Introduction
Migraine is characterized by recurrent moderate to severe headaches and autonomic nervous system symptoms such as aura. The headache pulsates on one side of the head only. Additional symptoms of migraine include sensitivity to light and sound, nausea and vomiting. According to Robbins and Lipton, migraines are caused by both genetic and environmental factors and affect up to 15% of the global population at some point in life.1 Typically, the severe headache persist for over two hours but may last up to three days.

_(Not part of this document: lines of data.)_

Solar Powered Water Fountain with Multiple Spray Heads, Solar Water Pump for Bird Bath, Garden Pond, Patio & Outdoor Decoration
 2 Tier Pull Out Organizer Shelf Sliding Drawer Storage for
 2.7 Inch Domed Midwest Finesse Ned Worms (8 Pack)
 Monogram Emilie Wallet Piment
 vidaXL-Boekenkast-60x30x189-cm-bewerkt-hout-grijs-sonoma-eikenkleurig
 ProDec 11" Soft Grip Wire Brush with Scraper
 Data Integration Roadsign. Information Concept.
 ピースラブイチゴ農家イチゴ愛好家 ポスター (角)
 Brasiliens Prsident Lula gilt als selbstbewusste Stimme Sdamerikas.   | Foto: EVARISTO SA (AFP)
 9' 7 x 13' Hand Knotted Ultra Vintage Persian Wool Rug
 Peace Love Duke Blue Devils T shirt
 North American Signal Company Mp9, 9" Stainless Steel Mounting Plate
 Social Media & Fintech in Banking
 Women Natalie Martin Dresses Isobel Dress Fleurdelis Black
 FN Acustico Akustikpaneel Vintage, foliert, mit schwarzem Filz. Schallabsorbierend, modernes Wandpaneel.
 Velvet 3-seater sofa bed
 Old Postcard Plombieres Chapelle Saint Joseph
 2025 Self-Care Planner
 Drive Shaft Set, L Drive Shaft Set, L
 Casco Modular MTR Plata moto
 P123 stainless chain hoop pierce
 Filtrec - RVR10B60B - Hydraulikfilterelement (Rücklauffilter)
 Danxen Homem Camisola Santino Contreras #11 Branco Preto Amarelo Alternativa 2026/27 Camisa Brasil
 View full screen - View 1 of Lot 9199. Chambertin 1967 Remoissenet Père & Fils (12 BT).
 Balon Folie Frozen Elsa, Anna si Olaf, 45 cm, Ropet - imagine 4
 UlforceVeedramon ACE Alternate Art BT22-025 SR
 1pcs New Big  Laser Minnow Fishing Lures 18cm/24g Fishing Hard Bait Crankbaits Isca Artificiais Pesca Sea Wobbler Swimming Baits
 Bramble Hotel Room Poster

Pathophysiology of Migraines
Migraines are chronic neurovascular disorder. Goadsby asserts that the condition starts in the brain and spreads quickly to the surrounding blood vessels.2 There is no scientific consensus on the neuronal mechanism involved but there is evidence from Goadsby and from Dodick suggesting that high levels of neurotransmitter serotonin (5-hydroxytryptamine) are involved.(2,3) Different parts of the nervous system are involved in generating the pain associated with migraine. The prognosis of migraine varies but the condition is fairly benign and is not fatal. However, the symptoms lead to loss of productivity and can get more severe and more frequent with time. In addition, Schurks, Rist, Bigal et al., have linked migraines with aura to an increased risk of ischemic stroke hence the benign nature of the condition should not be taken lightly.4 Pharmacologic management of acute migraine is centered on the use of Non-Steroidal Anti-Inflammatory Drugs (NSAIDs) and the use of Triptans. Some commonly used NSAIDs include ibuprofen, naproxen sodium, flubiprofen, indomethacin and diclofenac potassium while common triptans include sumartriptan, eletriptan and rizatriptan.5-7
Pharmacology of NSAIDs and Triptans
Tepper, Rapoport and Sheftell assert that the mode of action of triptans is through their agonist effect on 5-hydroxytryptamine receptors in the cranial blood vessels.8 This causes a constriction of blood vessels and inhibits the secretion of pro-inflammation neuropeptides such as substance P and CGRP. This relieves pressure in the head and alleviates headaches. Triptans are effective in treating migraine episodes every time they occur but do not offer any preventive properties. The secretion of pro-inflammatory neuropeptides and prostaglandins is an important step in the pathophysiology of migraine headaches. The action of NSAIDs is centered on the preventing the synthesis of prostaglandins by blocking the enzyme cyclooxygenase as given by Pardutz and Sschoenen.9-10
Clinical Evidence on the Safety and Efficacy of NSAIDs and Triptans
Triptans have a higher efficacy than NSAIDs in the treatment of migraine headaches but the use of NSAIDs has persisted long after triptans were introduced due to their cheaper cost and wide availability as over the counter drugs. NSAIDs are analgesics and their use is supported by clinical evidence. Codispoti, Prior, Fu, Harte and Nelson have found that ibuprofen reduces migraine headache and has a low risk of adverse effects.11 Clinical evidence to support the use of diclofenac was found by Derry, Rabbie and More, who also found that diclofenac can be used in pregnant women for the first and second trimester.12
The higher efficacy of triptans in the management of migraines is based on their effectiveness in relieving both pain and other symptoms such as nausea and vomiting.13 Winner, Rother Saper et al. found that sumatripan a typical triptan drug is effective and safe in the treatment of chronic migraine.14 Triptans are not addictive but can cause drug overuse and their side effects on the heart make them unsuitable for use by patients with cardiovascular diseases. The use of both triptans and NSAIDs in the management of migraines is based on evidence of their efficacy. However, in evaluating the suitability of a drug, it is important to compare the efficacy of the drug with its side effects, interaction with other common drugs and costs.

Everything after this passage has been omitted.